EXERCISE GOAL
Every line of the data must be set down exactly as shown.

□ □ □ □ □

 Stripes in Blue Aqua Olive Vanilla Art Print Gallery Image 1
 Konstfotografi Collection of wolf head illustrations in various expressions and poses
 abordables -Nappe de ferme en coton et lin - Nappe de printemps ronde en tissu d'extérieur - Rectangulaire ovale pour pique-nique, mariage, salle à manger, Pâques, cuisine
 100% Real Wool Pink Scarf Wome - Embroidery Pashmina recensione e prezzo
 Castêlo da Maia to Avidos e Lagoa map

□ □ □ □ □

EXERCISE RESPONSE
 Stripes in Blue Aqua Olive Vanilla Art Print Gallery Image 1
 Konstfotografi Collection of wolf head illustrations in various expressions and poses
 abordables -Nappe de ferme en coton et lin - Nappe de printemps ronde en tissu d'extérieur - Rectangulaire ovale pour pique-nique, mariage, salle à manger, Pâques, cuisine
 100% Real Wool Pink Scarf Wome - Embroidery Pashmina recensione e prezzo
 Castêlo da Maia to Avidos e Lagoa map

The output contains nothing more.